--- START ---

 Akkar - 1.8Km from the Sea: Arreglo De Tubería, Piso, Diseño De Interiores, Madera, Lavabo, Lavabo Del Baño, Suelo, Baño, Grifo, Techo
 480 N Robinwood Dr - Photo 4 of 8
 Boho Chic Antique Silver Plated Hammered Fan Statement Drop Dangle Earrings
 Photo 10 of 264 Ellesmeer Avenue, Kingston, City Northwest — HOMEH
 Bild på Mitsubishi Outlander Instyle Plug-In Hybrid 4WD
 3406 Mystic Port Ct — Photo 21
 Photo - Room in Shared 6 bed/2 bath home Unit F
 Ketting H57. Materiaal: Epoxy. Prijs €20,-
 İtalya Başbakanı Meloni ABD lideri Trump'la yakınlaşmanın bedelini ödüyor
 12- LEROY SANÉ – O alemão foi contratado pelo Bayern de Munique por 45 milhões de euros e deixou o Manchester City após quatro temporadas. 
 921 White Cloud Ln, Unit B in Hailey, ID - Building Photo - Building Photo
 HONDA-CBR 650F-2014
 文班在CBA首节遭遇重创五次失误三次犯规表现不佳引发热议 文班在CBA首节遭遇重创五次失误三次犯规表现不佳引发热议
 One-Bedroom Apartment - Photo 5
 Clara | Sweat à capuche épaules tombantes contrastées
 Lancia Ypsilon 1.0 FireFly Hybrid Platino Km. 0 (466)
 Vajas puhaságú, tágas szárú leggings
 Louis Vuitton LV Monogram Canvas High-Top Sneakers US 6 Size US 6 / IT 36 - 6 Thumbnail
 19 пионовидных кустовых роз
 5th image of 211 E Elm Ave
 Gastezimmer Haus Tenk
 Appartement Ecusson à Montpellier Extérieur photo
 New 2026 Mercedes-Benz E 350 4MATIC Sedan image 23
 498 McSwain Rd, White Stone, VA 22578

--- END ---

WHAT TO DO. Each line above is to be restated exactly.

EXERCISE RESULT.
 Akkar - 1.8Km from the Sea: Arreglo De Tubería, Piso, Diseño De Interiores, Madera, Lavabo, Lavabo Del Baño, Suelo, Baño, Grifo, Techo
 480 N Robinwood Dr - Photo 4 of 8
 Boho Chic Antique Silver Plated Hammered Fan Statement Drop Dangle Earrings
 Photo 10 of 264 Ellesmeer Avenue, Kingston, City Northwest — HOMEH
 Bild på Mitsubishi Outlander Instyle Plug-In Hybrid 4WD
 3406 Mystic Port Ct — Photo 21
 Photo - Room in Shared 6 bed/2 bath home Unit F
 Ketting H57. Materiaal: Epoxy. Prijs €20,-
 İtalya Başbakanı Meloni ABD lideri Trump'la yakınlaşmanın bedelini ödüyor
 12- LEROY SANÉ – O alemão foi contratado pelo Bayern de Munique por 45 milhões de euros e deixou o Manchester City após quatro temporadas. 
 921 White Cloud Ln, Unit B in Hailey, ID - Building Photo - Building Photo
 HONDA-CBR 650F-2014
 文班在CBA首节遭遇重创五次失误三次犯规表现不佳引发热议 文班在CBA首节遭遇重创五次失误三次犯规表现不佳引发热议
 One-Bedroom Apartment - Photo 5
 Clara | Sweat à capuche épaules tombantes contrastées
 Lancia Ypsilon 1.0 FireFly Hybrid Platino Km. 0 (466)
 Vajas puhaságú, tágas szárú leggings
 Louis Vuitton LV Monogram Canvas High-Top Sneakers US 6 Size US 6 / IT 36 - 6 Thumbnail
 19 пионовидных кустовых роз
 5th image of 211 E Elm Ave
 Gastezimmer Haus Tenk
 Appartement Ecusson à Montpellier Extérieur photo
 New 2026 Mercedes-Benz E 350 4MATIC Sedan image 23
 498 McSwain Rd, White Stone, VA 22578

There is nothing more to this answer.